RetailXelerator, a “scale-up accelerator,” connects funded product startups with retailers, utilities and other prospective clients. Its portfolio boasts about 20 concepts from across the U.S. MN Cup, the country’s largest statewide startup competition, attracts dozens of early-stage concepts each year with $450,000 in available seed capital. Not all startups that emerge with any success from MN Cup are retail-oriented, but several — like Kipsu, a customer relationship management firm, and Upsie, a retail warranty provider — are. And like Branch Messenger, the three foreign firms that have relocated — Inspectorio, SpotCrowd and StoryXpress — are all beneficiaries of Techstars’ program, as are local startups like St. Paul–based meal delivery service Local Crate.

These firms are growing, and drawing the attention of investors. Branch Messenger has received $10 million in two back-to-back funding rounds, and its services are used by giants like CVS, Walgreens and McDonald’s. Inspectorio closed last year on a $3.7 million funding round led by Target itself. Kidizen, a St. Paul–based e-commerce platform for children’s products, recently closed on a $3 million Series A round led by Chicago-based Origin Ventures, which says on its blog that it heard of the firm while attending a Techstars event. Upsie founder and CEO Clarence Bethea says the firm is growing 25 percent month-on-month.
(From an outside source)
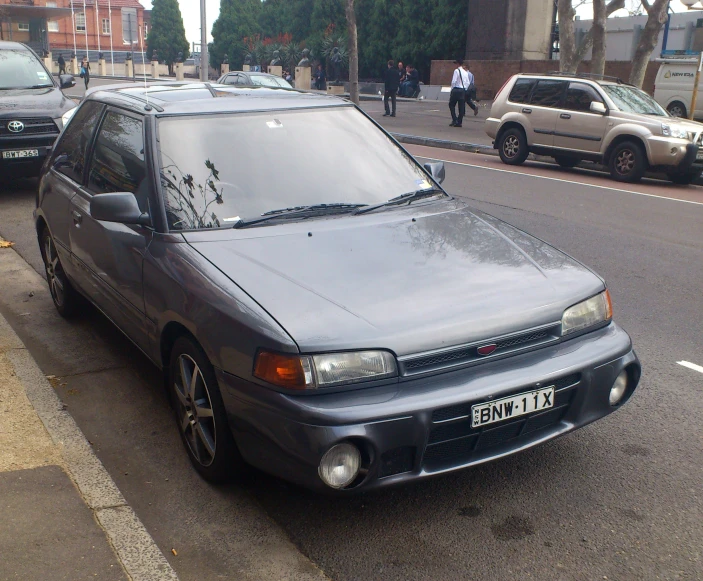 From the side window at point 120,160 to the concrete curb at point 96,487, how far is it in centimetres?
117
Not all retail startups here have relied on accelerators and contests. But the upsides of these platforms extend far beyond traditional hand-holding, say founders of firms that have participated. The Twin Cities Startup Week, for instance, offers up to $300 reimbursements for flights into the metro, apart from full access to the event’s seminars and breakouts, and networking opportunities. These platforms have in turn spawned a close-knit startup fraternity that looks out for its own, says Bethea.
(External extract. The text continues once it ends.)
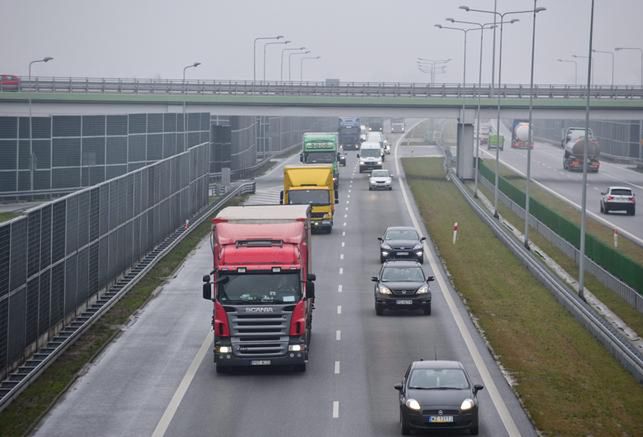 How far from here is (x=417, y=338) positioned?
3912 centimetres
Harsh challenges do lie ahead for the Twin Cities. Minneapolis–St. Paul’s lakes can’t compete with Colorado’s mountains or California’s mild climate. So, those promoting the metro’s potential play up the region’s quality of life — nationally renowned parks, manageable commutes, relatively low cost of living — while downplaying its notoriously cold winters.

But anemic local funding networks and a risk-averse corporate culture, endemic to the region, are a tougher challenge to surmount. The DEED contributes $30,000 to MN Cup annually, and offers a crucial loan program for startups owned by minorities, women and veterans, who face heightened skepticism from Minnesota’s largely white male investors and executives. A state program that gave a 25 percent tax break for investments in tech and product startups has helped bring in more than $400 million in private investment, says Hardy. But Minnesota’s Legislature declined to renew the program in 2018, and funding has already run out for this year.
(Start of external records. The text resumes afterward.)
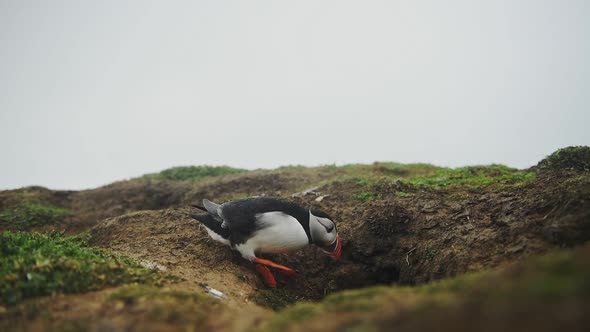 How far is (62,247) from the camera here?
4.60 metres

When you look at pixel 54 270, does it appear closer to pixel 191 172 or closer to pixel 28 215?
pixel 28 215

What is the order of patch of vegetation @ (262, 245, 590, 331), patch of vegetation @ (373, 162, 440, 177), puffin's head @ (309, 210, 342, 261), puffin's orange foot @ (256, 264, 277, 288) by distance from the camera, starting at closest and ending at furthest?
patch of vegetation @ (262, 245, 590, 331), puffin's orange foot @ (256, 264, 277, 288), puffin's head @ (309, 210, 342, 261), patch of vegetation @ (373, 162, 440, 177)

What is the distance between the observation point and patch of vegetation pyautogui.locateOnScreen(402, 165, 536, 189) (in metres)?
6.42

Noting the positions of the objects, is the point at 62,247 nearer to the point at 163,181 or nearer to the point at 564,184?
the point at 564,184

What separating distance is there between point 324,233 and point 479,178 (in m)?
3.26

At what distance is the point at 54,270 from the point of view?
3686 millimetres

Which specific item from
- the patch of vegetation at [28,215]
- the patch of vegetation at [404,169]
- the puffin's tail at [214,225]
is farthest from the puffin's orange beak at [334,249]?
the patch of vegetation at [28,215]

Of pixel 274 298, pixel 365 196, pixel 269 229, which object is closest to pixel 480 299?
pixel 274 298

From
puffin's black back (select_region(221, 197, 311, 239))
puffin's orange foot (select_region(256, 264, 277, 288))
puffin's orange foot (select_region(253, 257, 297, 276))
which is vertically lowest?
puffin's orange foot (select_region(256, 264, 277, 288))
A fear of startups among established firms doesn’t help. “Some retail startups are so disruptive that they’re a threat to job security [at incumbent companies],” says Kim Garretson, a Minneapolis-area retail innovation consultant.

This isn’t unique to Minnesota; retailers and consumer product firms have long held innovation at arm’s length. But Doug Berg, founder of Minnetonka-based e-commerce solutions provider MyAlerts, says Minnesota companies take the cake.

Still, the willingness of the local startup community to embrace out-of-town companies leaves Techstars’ Broshar optimistic. “Their achievements shine a positive light on the region’s retail tech ecosystem,” he says.